# YOUR TASK:
Skip every picture, then write out exactly the lines of the listing below from the line that contains "ACT ACT5e Keypad" through the final line.

# DATA SECTION:
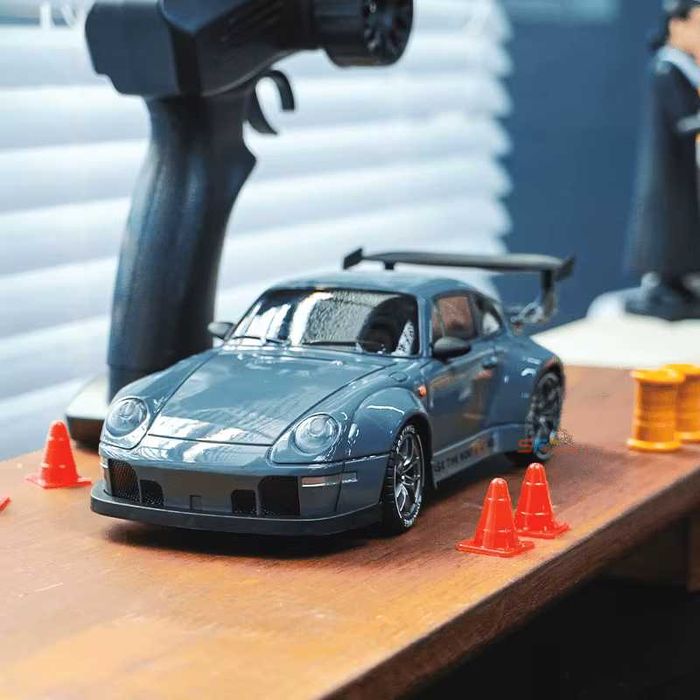 RC Дрифт Количка с Дистанционно Управление Porsche 993 ТОП ЦЕНА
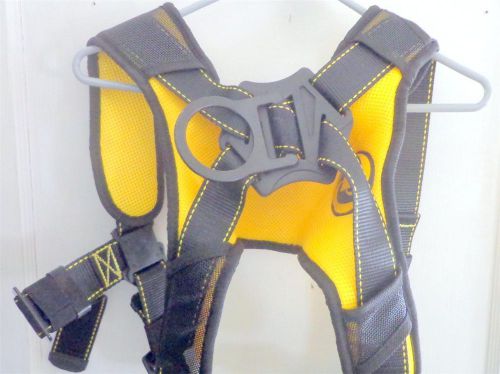 Guardian Fall Protection 21053 Safety Harness M L
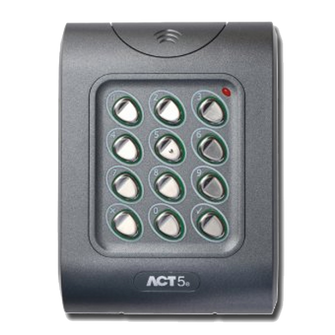 ACT ACT5e Keypad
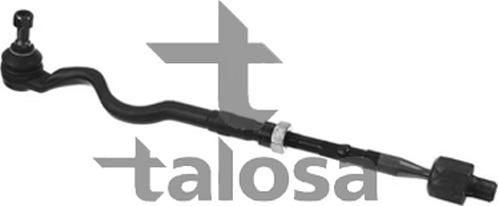 Talosa 41-02362 - Stūres šķērsstiepnis www.autospares.lv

# OUTPUT OF THE EXERCISE:
 ACT ACT5e Keypad
 Talosa 41-02362 - Stūres šķērsstiepnis www.autospares.lv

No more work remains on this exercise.